Economic Systems


  Vegetable Cannery
Female and child workers in a vegetable cannery
[audio] Economics

  • Southwest farmers had trouble irrigating because they needed to cooperate with their neighbors, and it was hard to rally all the people they needed.
  • The Mormons in Utah had many neighborly bonds, making cooperation while irrigating easier.
  • Immigrants worked in a variety of trades, such as mining, railroad working, small businesses, farming and ranching.

Natural Resources

  • People found that the Plains area was excellent for farming wheat and grazing cattle.
  • Gold and silver miners often came to the West first.
  • Copper was used in electric wiring, so it became valuable after electricity became widely used.
  • Lead became more valuable because it was used in plumbing.
  • Growing industries, especially the railroad, made coal and iron more profitable.


[audio] Equipment and Tools

Farm equipment

  • The new steel plow, reaper, and other new farm equipment helped simplify farming in the Great Plains.


Water problems

  • With mechanical well drilling, farmers were able to dig more wells. They could also make them deeper.
  • Dry land farming: some land remains unfarmed for a year so that it can store water for the next round of crops.


Barbed wire

  • The first North Americans to have large amounts of cattle were the Mexicans.
  • Once barbed wire was created, people could keep livestock out of other farmer's crops.


Major Railroads

  • The Union Pacific railroad, which began in Omaha, Nebraska, was mostly laid down by ex-soldiers and Irish immigrants.
  • The Central Pacific, which started in Sacramento, California, was worked largely by Chinese immigrants.
  • The government paid the railroad for each mile of track, so companies got more money for longer, less direct routes.
  • In addition, longer, winding routes reached more towns.
  • The railroad company received even more money from the towns it reached.
  • The Union and Central Pacific railroads both ended in Promontory Point, Utah.


[audio]Other railroads

  • The railroads helped Western Industry. They brought them farming supplies, coal, and other important materials. They also took the farmers's products to the East.
  • Cattle - A new business.
  • The West, especially Texas, had lots of cattle. In the east, the cattle were over ten times more expensive. Ranchers realized that they could make money if they drove the cattle East.
  • Some Native Americans were angry because the cattle drives went through their lands. Sometimes, the Native Americans attacked the ranchers and the first drives lost money.
  • Cattle drives went through many cities, starting with St.
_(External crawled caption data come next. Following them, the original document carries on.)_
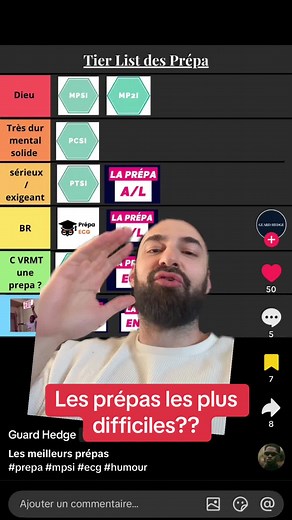 Prépa la plus difficile : classement des prépas (MPSI, MP, ECG...)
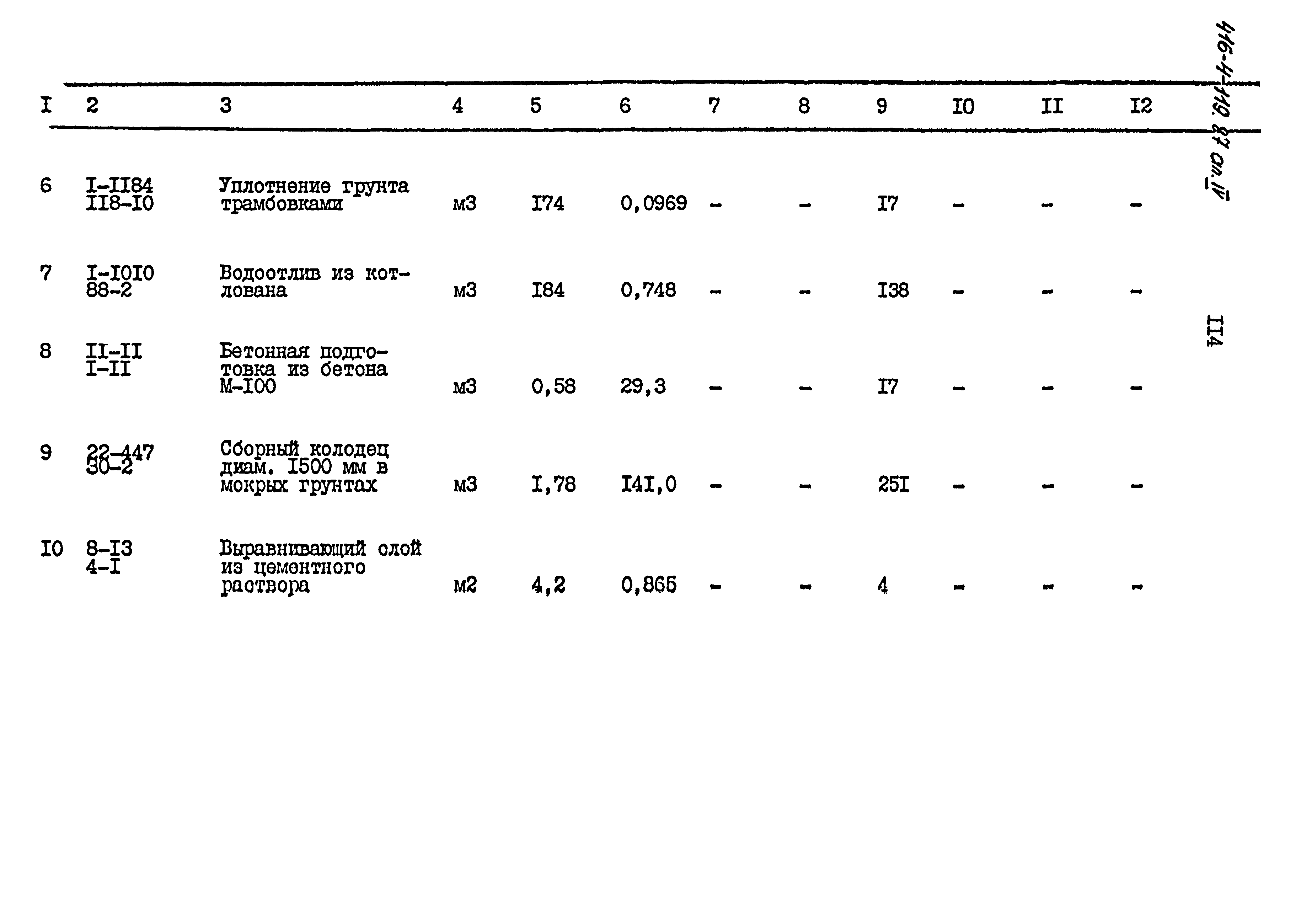 Типовой проект 416-4-119.87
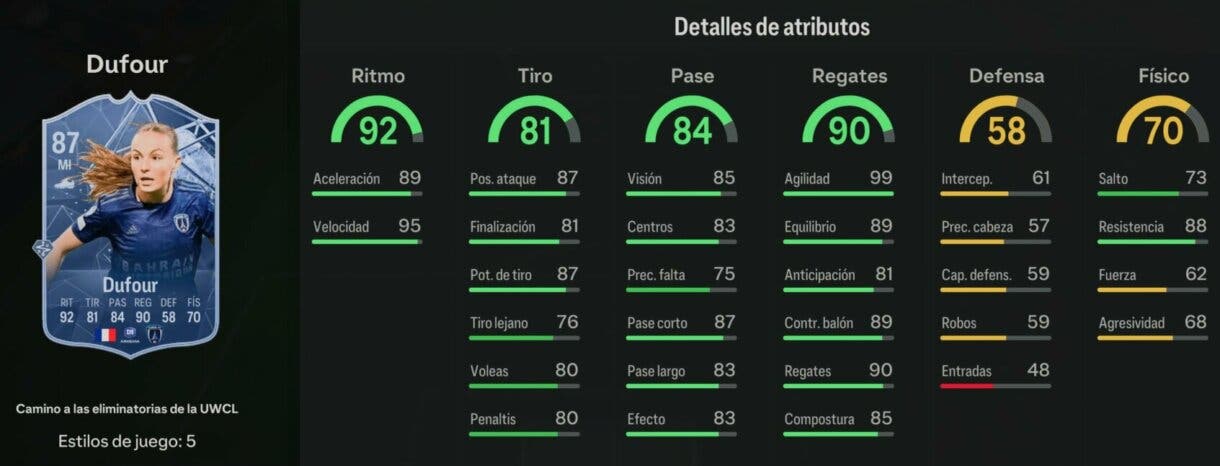 Stats in game Dufour RTTK 87 EA Sports FC 24 Ultimate Team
Louis, Kansas City, and Sedalia, Missouri. Next, they included Abilene, Kansas; Cheyenne, Wyoming; and Dodge City, Kansas.
  • Once the ranchers started using the railroad for cattle, they were more successful.
  • As more of the open Western land was developed, cattle drives could not move as easily over the land. Bad weather also killed much of the cattle. As new railroads came, cattle drives were less necessary.


Demand for Product

  • Western grain became increasingly needed by union soldiers during the Civil War.
  • The growing population of urban cities also led to demand for grain.
  • In Europe, famine and war also led t o increased grain exports.

Regional Economies

  • In a regional economy, products are made to supply a limited area.
  • In Minneapolis, wheat from the Plains states was milled by factories and made into cereal, flour, etc.


[audio]Money and Credit

  • Banks charged high interest to farmers and ranchers because they knew that farms and ranches often failed. Bankers preferred to lend money to big mining corporations and the railroads, because they were more likely to be able to pay back.


Profit

  • The large corporations enjoyed the most profit in the West.
  • Farmers, ranch and railroad workers, and miners made much less money. Farmers had a hard time making money because they had to pay fees to the railroads for product shipment. They also had to pay high interest rates. Sometimes, the demand for their products would decrease, and the farmers could not charge as much for their products.
  • In the late 1800's, many Mexicans started to work on railroads, industries, and big ranches instead of small farming and ranching.


[audio] The Farmers' Situation

The Farmers' Advantages The Farmers' Struggles

1) Laws: Donation Land Law, Homestead Act, Desert Act and Timber Stone Act: All helped people purchase cheap land

2) Natural Resources: Dakota territory and Montana - good for wheat. Wyoming, Colorado and New Mexico - good for cattle

3) Valuable mineral deposits throughout the West, oil. Good for growing automobile industry

4) New Equipment: steel plow, reaper, disc harrow, mechanical well drilling, barbed wire

5) Transcontinental Railroad: important for bringing supplies, moving products to the East.

6) Demand for products great because of the Civil War, the growth of U.S. cities, and European need for crops.

1) Weather was harsh in the Great Plains

2)160 acres not big enough for a large cattle ranch, but too big for a farm

3) Irrigation difficulties in the Southwest

4) Farming profits mostly made by a few large companies

5) Farmers had to pay high interest rates and railroad rates.